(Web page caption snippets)
┌────────
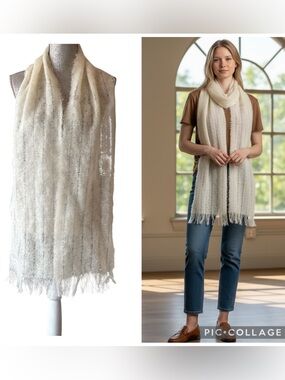 Avoca Handweavers Ivory Mohair Wool Fringe Scarf Wrap Ireland Size OS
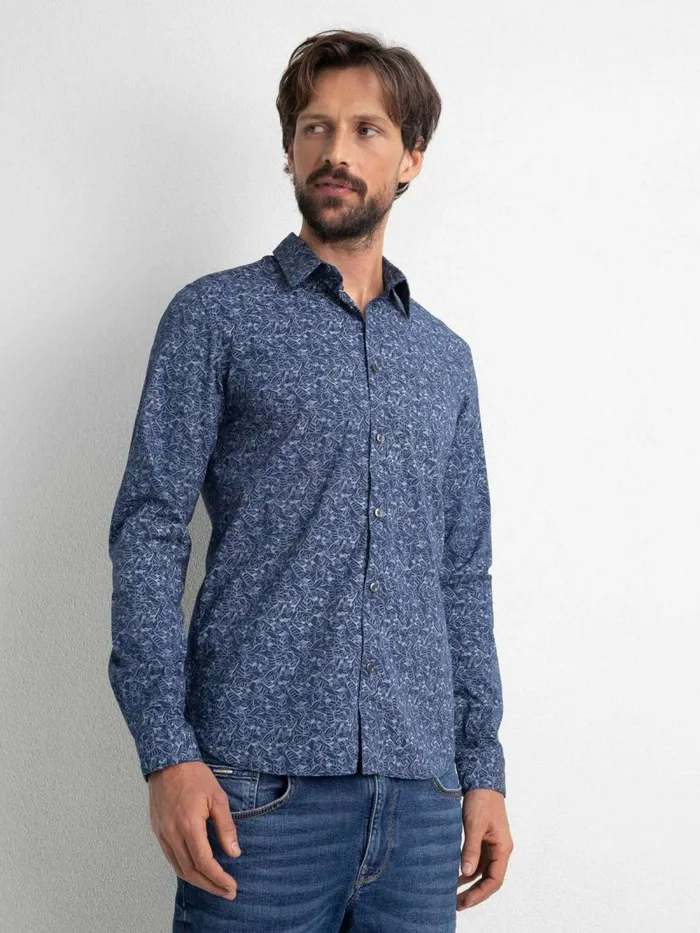 Men Shirts Petrol Industries Shirt With An AllOver Graphic Print Smokey Road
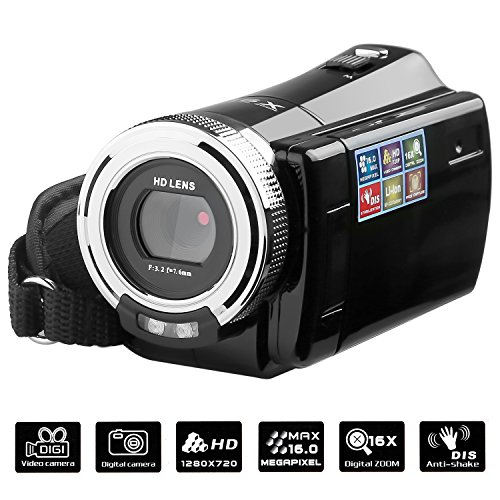 KINGEAR KG005 Mini DV C8 16MP High Definition Digital Video Camcorder DVR 2.7'' TFT LCD 16x Zoom Hd Video Recorder Camera 1280 x 720p Digital Video Camcorder(Black)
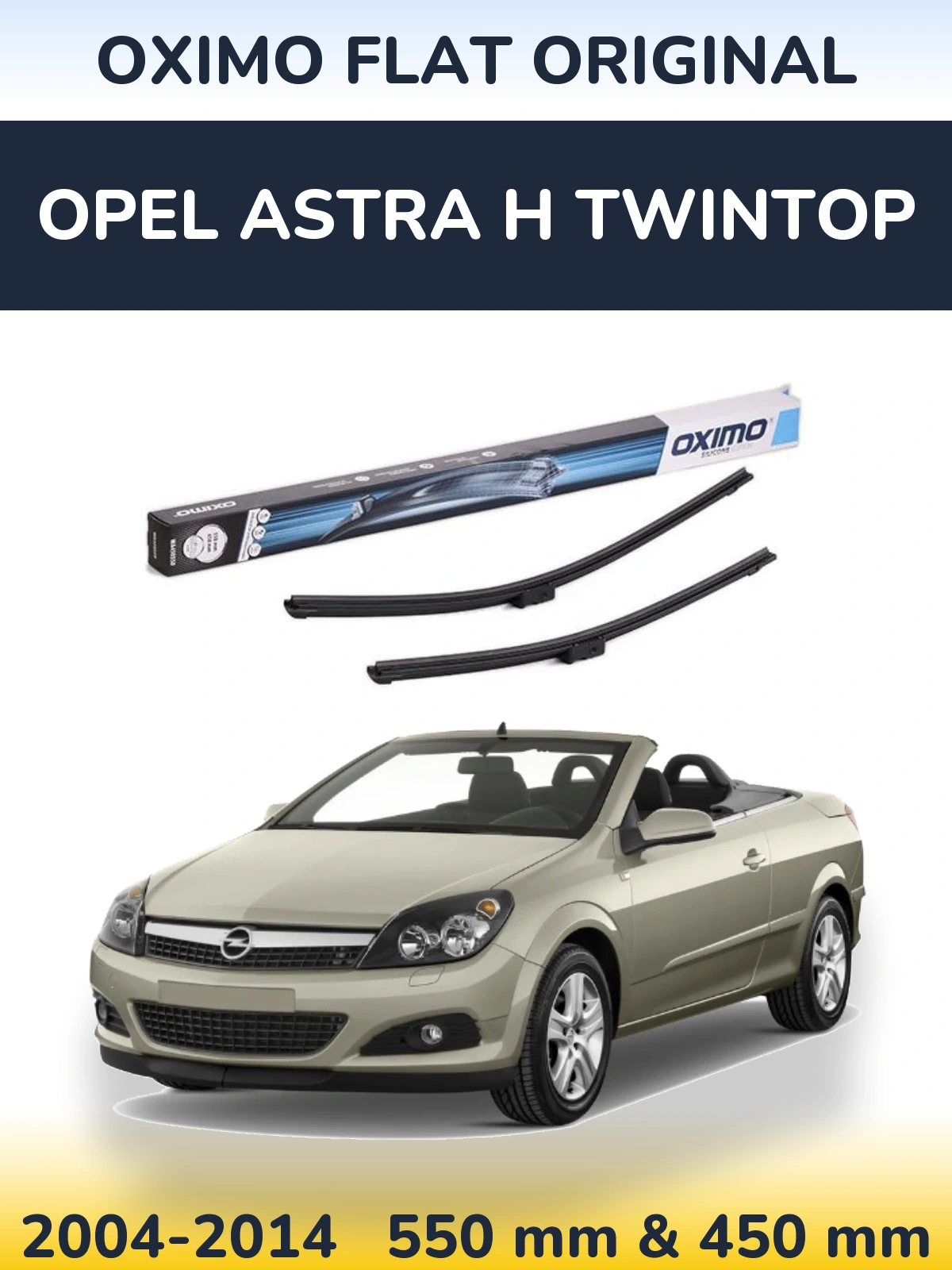 Komplet przednich wycieraczek Oximo Flat Original 550 & 450 mm do Opel Astra H TwinTop 2004-2014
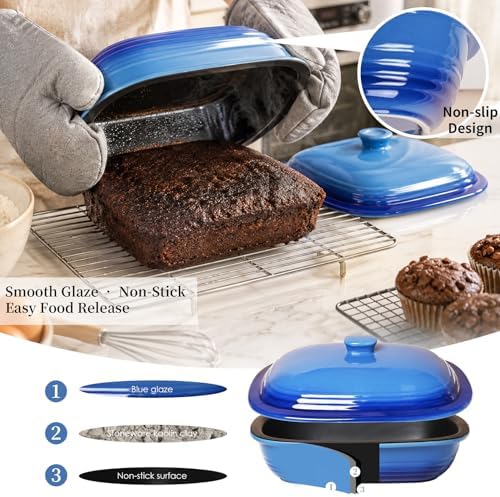 Ceramic Casserole Dish with Lid, 9x13, Blue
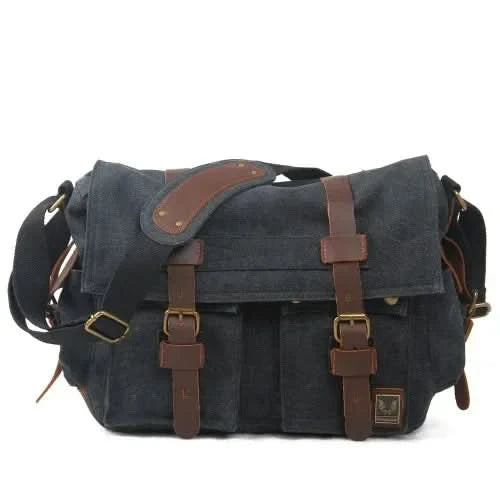 MUCHUAN Canvas Leather Men Messenger Bags   Big Satchel Shoulder Bags Male Laptop Briefcase Travel Handbag - M & M Global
└────────
Leave out every picture and copy, exactly as written, the lines from the one with "Komplet przednich wycieraczek" through the end of the records above.

▶ **Answer to this problem**
 Komplet przednich wycieraczek Oximo Flat Original 550 & 450 mm do Opel Astra H TwinTop 2004-2014
 Ceramic Casserole Dish with Lid, 9x13, Blue
 MUCHUAN Canvas Leather Men Messenger Bags   Big Satchel Shoulder Bags Male Laptop Briefcase Travel Handbag - M & M Global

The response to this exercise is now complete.